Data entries
##############################
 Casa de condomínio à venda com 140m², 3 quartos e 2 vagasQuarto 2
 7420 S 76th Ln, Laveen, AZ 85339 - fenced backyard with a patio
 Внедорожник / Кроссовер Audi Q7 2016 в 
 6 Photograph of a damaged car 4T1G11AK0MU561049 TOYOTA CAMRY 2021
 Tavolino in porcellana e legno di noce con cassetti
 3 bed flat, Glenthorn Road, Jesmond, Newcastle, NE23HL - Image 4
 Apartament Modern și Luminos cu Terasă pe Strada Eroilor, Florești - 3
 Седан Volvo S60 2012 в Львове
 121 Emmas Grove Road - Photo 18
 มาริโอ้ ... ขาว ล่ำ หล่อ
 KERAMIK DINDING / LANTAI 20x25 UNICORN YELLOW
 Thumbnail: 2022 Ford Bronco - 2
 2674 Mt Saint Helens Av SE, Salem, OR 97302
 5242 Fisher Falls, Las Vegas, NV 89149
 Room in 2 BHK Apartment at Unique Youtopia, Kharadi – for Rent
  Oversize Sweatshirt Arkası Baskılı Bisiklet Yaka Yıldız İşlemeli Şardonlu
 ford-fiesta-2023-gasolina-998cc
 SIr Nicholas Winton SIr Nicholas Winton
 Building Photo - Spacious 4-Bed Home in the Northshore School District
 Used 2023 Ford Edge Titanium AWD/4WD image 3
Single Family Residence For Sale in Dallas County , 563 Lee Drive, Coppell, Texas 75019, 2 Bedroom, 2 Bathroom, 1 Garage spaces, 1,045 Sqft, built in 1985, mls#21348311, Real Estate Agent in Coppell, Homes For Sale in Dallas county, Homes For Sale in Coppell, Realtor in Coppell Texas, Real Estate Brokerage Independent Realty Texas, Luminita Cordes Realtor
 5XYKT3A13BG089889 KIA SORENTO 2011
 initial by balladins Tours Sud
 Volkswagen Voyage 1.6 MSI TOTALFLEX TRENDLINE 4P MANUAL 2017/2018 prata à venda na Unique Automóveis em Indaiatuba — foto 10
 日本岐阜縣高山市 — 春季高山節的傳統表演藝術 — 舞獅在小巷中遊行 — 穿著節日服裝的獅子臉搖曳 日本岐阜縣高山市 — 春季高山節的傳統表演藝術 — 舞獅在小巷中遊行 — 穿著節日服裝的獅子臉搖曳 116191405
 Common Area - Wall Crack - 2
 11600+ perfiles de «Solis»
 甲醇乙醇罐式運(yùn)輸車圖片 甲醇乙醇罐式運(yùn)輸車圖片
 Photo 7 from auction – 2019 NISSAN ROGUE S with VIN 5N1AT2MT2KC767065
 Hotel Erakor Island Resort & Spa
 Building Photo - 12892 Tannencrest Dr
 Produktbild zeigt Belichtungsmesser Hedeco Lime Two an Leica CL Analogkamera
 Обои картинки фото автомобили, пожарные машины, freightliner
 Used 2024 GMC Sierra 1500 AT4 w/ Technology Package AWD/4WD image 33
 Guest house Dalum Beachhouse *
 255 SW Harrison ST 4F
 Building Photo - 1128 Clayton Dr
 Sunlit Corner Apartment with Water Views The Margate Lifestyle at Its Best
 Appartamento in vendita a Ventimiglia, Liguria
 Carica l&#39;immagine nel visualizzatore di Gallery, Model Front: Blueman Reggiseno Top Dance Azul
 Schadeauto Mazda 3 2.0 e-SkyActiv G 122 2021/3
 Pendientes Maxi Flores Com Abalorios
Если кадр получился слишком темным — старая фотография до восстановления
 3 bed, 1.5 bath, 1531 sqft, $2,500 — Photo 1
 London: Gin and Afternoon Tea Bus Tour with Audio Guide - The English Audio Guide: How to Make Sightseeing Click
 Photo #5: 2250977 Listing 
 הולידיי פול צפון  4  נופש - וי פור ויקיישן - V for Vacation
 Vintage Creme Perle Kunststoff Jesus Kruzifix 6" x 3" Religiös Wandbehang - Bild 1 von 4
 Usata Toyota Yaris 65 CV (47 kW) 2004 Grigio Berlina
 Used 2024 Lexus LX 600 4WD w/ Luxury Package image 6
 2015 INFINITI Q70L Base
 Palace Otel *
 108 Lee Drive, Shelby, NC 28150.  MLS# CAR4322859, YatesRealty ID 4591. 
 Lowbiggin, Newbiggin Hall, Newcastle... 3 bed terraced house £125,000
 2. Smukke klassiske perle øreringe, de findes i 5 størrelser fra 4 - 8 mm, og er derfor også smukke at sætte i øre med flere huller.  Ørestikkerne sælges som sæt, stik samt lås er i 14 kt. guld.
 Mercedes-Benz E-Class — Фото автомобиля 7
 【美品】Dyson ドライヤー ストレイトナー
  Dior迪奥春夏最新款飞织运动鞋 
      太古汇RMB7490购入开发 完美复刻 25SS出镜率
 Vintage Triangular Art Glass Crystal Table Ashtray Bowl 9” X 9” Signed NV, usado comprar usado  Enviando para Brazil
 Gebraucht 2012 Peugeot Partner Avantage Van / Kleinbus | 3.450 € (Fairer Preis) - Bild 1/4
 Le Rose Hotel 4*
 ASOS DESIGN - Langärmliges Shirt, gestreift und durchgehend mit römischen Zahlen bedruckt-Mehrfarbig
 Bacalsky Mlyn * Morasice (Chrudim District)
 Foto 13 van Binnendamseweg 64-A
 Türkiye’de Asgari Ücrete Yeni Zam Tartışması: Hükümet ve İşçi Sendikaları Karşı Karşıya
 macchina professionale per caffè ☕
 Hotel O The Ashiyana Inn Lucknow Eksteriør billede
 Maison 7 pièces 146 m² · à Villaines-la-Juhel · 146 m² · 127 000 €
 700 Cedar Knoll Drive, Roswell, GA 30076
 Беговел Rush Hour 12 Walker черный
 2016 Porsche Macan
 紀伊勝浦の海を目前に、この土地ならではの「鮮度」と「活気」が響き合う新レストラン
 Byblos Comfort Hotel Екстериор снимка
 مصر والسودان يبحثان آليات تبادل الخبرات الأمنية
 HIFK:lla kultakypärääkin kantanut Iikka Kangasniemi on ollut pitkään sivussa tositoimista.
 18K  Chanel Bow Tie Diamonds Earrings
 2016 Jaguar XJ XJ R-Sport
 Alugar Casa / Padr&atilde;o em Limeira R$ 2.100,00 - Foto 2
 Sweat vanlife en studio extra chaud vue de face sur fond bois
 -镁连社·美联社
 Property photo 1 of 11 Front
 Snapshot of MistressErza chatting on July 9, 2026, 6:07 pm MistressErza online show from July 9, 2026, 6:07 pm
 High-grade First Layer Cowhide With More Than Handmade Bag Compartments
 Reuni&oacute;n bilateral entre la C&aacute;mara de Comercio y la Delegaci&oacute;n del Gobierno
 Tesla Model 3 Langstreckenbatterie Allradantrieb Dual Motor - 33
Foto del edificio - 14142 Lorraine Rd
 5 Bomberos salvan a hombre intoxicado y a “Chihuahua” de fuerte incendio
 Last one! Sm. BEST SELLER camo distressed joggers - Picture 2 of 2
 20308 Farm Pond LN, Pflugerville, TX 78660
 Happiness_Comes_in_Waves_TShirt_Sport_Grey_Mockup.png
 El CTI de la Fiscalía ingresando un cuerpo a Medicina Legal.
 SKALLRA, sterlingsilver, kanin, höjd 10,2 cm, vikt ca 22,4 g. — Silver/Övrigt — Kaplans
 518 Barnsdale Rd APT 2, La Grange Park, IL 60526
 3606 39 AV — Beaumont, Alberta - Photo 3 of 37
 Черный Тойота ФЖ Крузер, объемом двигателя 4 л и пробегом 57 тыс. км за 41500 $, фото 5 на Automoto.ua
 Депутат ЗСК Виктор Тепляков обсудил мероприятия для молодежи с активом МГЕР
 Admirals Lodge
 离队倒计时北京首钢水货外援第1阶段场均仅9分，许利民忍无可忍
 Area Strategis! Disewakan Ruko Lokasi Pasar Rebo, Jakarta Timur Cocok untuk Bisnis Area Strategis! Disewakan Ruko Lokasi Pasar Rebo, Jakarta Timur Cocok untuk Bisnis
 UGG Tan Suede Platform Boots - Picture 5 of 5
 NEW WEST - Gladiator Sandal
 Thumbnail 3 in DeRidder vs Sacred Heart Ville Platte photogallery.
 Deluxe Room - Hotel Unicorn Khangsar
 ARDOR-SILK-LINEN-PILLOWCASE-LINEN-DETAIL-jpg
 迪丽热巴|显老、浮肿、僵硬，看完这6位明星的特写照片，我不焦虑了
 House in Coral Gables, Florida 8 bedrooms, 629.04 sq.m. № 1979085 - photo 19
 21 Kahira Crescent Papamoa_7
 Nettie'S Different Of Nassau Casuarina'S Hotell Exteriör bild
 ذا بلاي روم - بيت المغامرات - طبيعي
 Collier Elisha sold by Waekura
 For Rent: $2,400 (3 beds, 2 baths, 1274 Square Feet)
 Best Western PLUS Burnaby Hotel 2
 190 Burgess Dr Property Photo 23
##############################
BRIEF = The answer should be nothing but the number of lines above that contain "Package".

ANSWER = 2